Hiddencamper

Shutdown cooling doesn't auto start. It's one of the RHR modes that has no automatic function.

The shutdown cooling interlocks don't clear until reactor pressure drops low enough that Tsat is less than 330 degF (approximately). Usually this is set less than 100 psig. And both main EHC and the relief valves won't automatically depressurize the reactor, that takes manual operator action. Once you get below the RHR interlock, it takes manual operator action to reset the interlocks, then you need to flush the SDC loop with condensate, and perform manual warming or the loop, before finally placing RHR in service on the vessel. It's a drawn out process.

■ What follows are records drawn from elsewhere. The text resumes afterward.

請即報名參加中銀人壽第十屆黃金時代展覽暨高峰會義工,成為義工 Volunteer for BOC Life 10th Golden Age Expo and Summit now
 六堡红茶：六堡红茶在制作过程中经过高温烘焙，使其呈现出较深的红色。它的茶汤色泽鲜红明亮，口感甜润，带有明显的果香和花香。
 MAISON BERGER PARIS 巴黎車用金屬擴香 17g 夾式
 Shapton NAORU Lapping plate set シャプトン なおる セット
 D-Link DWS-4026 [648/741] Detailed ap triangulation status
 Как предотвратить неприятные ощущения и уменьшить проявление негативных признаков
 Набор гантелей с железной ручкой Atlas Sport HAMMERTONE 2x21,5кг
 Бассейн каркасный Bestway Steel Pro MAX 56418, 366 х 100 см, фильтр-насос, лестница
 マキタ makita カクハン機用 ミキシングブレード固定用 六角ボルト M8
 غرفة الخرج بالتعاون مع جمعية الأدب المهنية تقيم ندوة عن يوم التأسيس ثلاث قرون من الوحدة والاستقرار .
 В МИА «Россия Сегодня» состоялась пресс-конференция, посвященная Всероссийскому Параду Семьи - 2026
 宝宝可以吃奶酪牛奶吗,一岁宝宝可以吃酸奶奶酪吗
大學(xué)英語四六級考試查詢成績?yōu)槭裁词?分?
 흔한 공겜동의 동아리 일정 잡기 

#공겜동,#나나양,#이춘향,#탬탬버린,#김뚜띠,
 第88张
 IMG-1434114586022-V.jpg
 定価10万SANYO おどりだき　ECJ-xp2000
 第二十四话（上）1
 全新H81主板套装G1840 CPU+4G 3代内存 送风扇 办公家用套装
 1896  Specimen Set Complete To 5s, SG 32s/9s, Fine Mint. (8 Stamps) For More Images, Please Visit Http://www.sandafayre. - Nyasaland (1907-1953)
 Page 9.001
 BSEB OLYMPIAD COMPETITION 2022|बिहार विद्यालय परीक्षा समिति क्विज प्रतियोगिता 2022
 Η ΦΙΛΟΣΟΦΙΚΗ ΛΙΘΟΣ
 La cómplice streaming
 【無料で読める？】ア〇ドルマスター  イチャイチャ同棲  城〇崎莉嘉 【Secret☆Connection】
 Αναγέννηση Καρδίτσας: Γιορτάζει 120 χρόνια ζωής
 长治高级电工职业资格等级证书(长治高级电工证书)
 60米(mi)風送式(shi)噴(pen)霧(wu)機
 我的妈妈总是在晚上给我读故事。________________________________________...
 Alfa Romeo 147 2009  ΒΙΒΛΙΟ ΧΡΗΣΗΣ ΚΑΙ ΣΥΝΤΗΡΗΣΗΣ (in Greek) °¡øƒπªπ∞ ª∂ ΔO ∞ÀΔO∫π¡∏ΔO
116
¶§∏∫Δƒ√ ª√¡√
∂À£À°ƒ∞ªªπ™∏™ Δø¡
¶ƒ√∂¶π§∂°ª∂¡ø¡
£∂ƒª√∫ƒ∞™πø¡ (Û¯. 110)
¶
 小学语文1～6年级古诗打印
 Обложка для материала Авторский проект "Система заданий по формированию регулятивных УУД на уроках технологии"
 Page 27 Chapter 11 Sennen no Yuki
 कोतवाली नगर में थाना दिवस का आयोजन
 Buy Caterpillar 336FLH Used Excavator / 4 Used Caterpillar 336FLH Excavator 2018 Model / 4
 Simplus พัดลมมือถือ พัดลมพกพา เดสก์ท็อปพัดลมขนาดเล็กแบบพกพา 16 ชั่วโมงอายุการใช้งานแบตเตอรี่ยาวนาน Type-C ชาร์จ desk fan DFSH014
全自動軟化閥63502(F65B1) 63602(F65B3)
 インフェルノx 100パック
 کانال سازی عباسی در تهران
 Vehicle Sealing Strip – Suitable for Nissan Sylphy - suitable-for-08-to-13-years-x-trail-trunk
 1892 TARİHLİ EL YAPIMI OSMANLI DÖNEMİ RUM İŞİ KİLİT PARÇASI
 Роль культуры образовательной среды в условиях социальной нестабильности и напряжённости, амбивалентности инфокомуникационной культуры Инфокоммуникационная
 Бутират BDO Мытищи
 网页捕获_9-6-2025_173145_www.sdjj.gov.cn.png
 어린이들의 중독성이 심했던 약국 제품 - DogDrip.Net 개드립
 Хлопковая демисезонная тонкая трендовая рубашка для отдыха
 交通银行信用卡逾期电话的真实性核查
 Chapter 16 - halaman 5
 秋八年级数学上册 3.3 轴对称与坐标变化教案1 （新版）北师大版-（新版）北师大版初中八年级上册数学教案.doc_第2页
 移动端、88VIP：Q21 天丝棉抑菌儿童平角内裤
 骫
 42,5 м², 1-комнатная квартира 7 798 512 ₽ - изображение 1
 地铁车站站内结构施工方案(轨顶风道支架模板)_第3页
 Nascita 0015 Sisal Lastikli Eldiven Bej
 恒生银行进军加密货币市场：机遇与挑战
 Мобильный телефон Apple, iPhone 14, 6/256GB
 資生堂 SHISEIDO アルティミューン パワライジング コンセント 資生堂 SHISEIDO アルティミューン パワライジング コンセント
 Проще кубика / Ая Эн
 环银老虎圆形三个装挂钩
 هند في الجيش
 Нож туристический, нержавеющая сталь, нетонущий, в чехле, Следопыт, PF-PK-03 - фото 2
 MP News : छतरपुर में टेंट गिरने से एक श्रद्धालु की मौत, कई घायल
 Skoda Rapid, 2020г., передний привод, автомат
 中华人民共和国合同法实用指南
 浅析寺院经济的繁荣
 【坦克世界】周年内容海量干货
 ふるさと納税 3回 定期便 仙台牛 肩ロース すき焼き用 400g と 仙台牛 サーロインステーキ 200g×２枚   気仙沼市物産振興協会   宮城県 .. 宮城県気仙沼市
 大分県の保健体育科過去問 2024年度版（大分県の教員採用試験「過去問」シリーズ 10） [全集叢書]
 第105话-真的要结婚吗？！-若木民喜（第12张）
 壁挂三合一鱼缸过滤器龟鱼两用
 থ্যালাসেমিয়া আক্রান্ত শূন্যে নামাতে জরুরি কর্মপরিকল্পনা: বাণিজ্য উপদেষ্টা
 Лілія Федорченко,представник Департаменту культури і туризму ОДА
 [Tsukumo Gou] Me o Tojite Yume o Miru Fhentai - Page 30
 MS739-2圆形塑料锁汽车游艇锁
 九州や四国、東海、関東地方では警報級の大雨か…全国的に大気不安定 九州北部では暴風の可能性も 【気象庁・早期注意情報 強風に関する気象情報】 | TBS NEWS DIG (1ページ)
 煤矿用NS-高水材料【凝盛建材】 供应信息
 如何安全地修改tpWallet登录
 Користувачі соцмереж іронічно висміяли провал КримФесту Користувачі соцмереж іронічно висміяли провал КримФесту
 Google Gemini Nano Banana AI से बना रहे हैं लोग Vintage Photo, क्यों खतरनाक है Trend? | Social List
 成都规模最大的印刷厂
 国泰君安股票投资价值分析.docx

Other potentially complicating issues: unless you installed a digital feedwater control system, main feedwater has a tendency to overfeed after a scram and trip all your feed pumps off. HPCI and RCIC will cycle along with relief valves, but it's kind of a mess running those systems cycling on level 2/8, and puts a lot of fatigue on their associated injection spargers. My plant tries as hard as possible to never start RCIC after we allowed it to cycle for days following a LOOP in the 90s. We heavily fatigued the injection nozzles and our steam dryer because of the thermal shock every time it started up.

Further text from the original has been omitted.